Work to complete: Using the listing below, copy exactly each line from the one that has "Gaten, av Max" through the one that has "Sleeveless black red"; omit the pictures.

Supplied material:
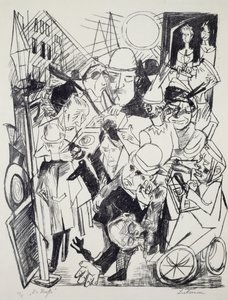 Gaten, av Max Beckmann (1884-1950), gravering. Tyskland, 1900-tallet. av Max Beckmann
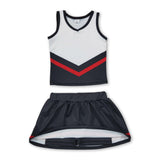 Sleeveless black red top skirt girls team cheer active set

---

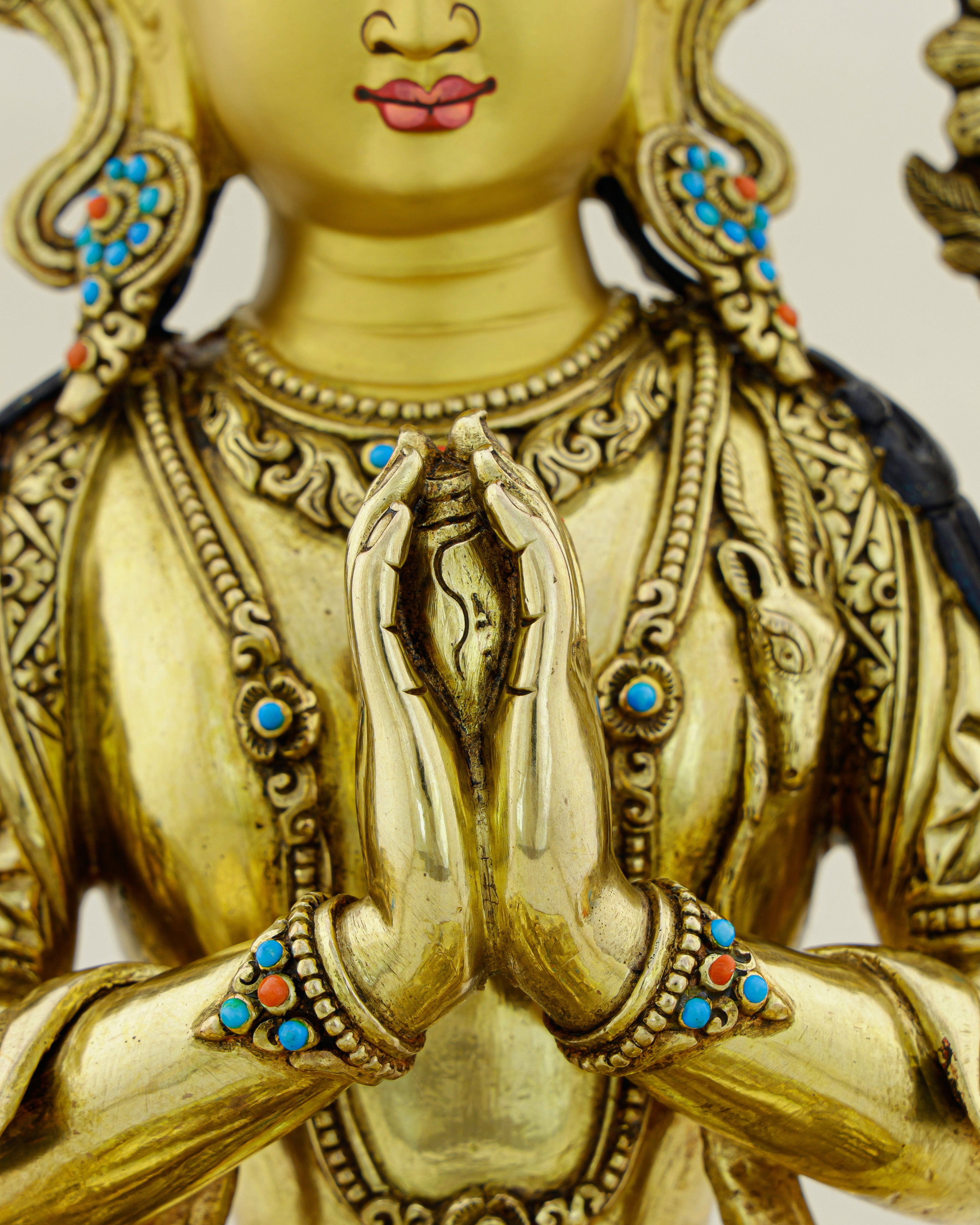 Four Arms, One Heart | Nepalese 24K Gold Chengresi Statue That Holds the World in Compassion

Solution to the exercise:
 Gaten, av Max Beckmann (1884-1950), gravering. Tyskland, 1900-tallet. av Max Beckmann
 Sleeveless black red top skirt girls team cheer active set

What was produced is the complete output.